» **What you should do**
Transcribe nothing except the lines below that run from the one with "Отель Yeongdong 32 Days" to the one with "Terrain, 630 m²", ends included, and do not copy any picture.

» **Given data**
*** Block opens ***

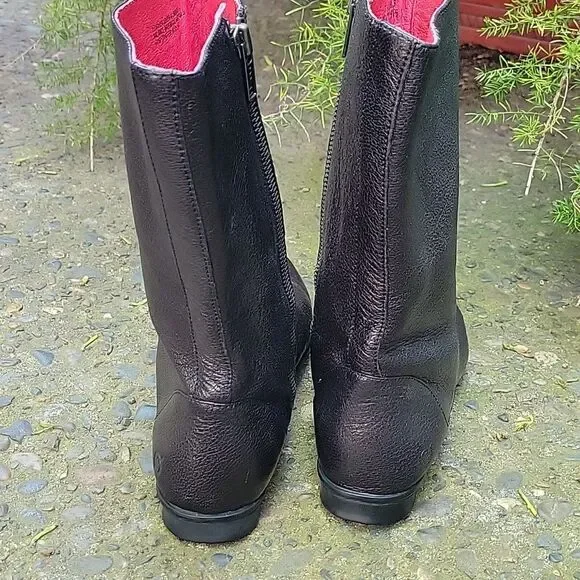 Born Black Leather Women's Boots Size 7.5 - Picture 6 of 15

*** Block closes ***
*** Block opens ***

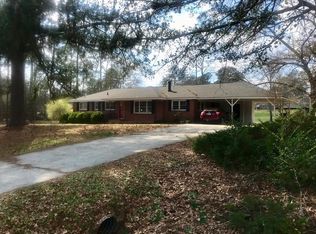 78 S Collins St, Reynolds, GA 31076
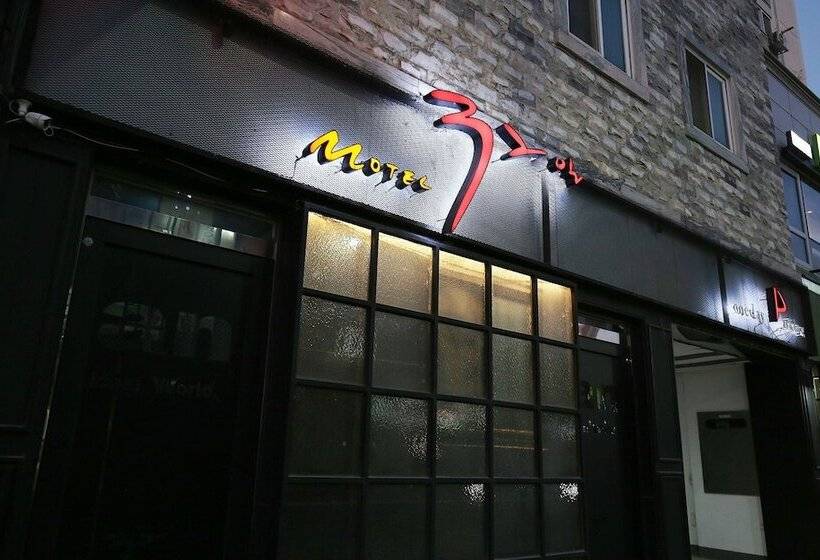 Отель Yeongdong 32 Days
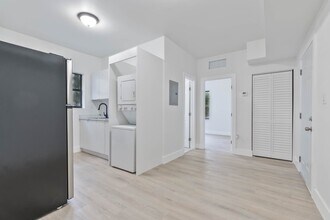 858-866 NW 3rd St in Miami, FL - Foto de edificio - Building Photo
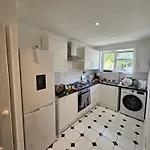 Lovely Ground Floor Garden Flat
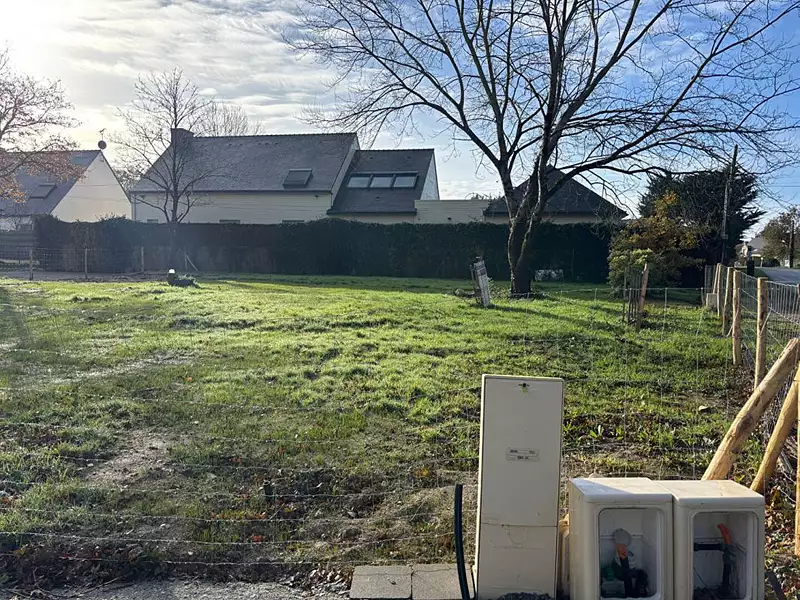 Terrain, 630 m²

*** Block closes ***

» **Solution**
 Отель Yeongdong 32 Days
 858-866 NW 3rd St in Miami, FL - Foto de edificio - Building Photo
 Lovely Ground Floor Garden Flat
 Terrain, 630 m²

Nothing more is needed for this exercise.